Tech platforms heavily rely on gimmicks, evident in memes, interface features, and algorithmic feeds. Algorithms “try too hard,” make mistakes, dictate consumption, flaunt labor-saving capacity – instilling ambivalence indexing our dependency. Algorithmic feeds offer a gimmicky self, saving the “labor” of self-creation through media consumption – a false identity revealing both surveillance and “hidden truth” under capitalism.
Like marketing, gimmicks let us “see through” them, feeling superior, yet lodging their framing in our consciousness. We simultaneously believe and disbelieve. Gimmicks allow holding contradictions, examining and disavowing capitalist desires, displacing induced desire onto gimmicks, enjoyed through debunking and enchantment.

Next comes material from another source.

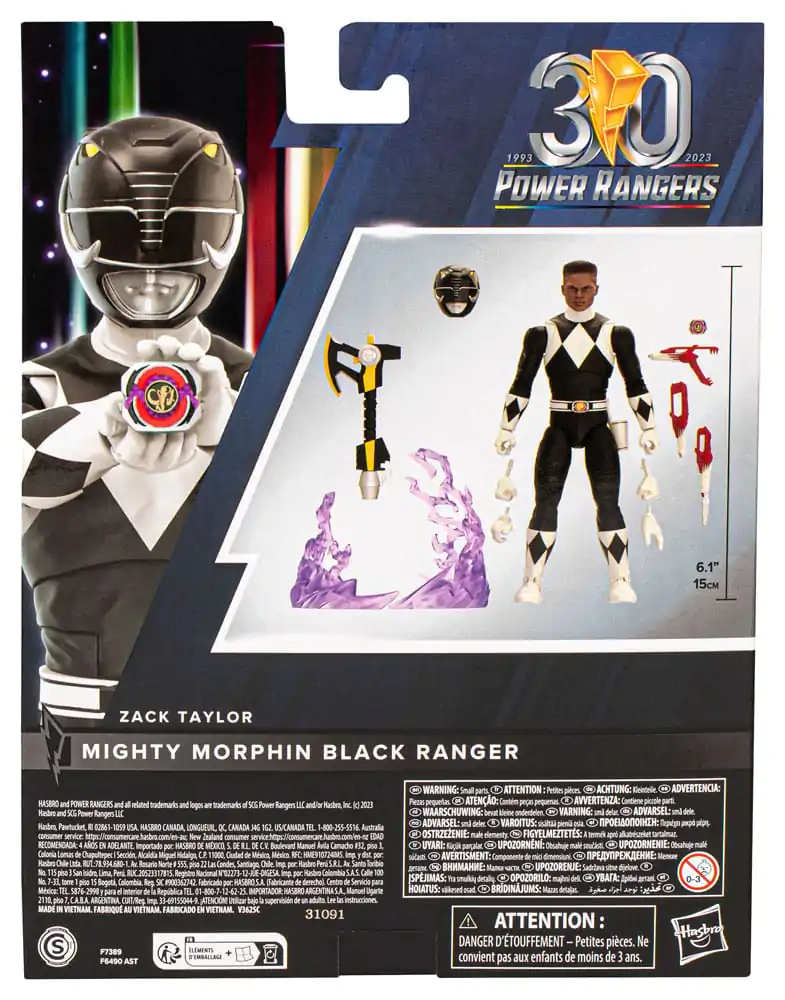 Power Rangers Lightning Collection Remastered Actionfigur Mighty Morphin Black Ranger 15 cm Produktfoto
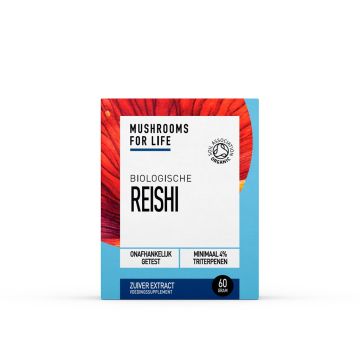 Reishi Paddenstoelen Poeder Bio (Mushrooms For Life) 60gr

“The conjoining of enigma and transparency in the gimmick points to a key shift in… illusions,” Ngai notes, applying to algorithms. It reflects “our simultaneous recognition of what we can but also cannot grasp about a productive process… as well as a double-sided gestalt: ‘work’ conjoined to an equivocal ‘zero’ or disappearance of work.” We understand algorithms generally, know they can’t “really” define us, yet find ourselves trapped, predicted and controlled. They provide a proxy for “desire of the desire of the other,” distorting sociality – social distancing without social connection. Within algorithmic media, we perceive others, even “connect,” but veiled by perpetual processing. All we know of others’ desires is a faint self-reflection, limited by that horizon.
Drott argues streaming companies invest in predictive analytics for business reproduction, not user-music matching. Whether listeners are truly “taken in” remains open, but platforms strive to “fabricate a desire” for their curation. TikTok seems to succeed, selling waning affect as a service, aiming to be the “master gimmick,” resolving capitalist desire’s ambivalence into a ceaseless stream of subjectivizing content. The next video, in this algorithmic prophecy, will reveal who you are, or perhaps, how you will become.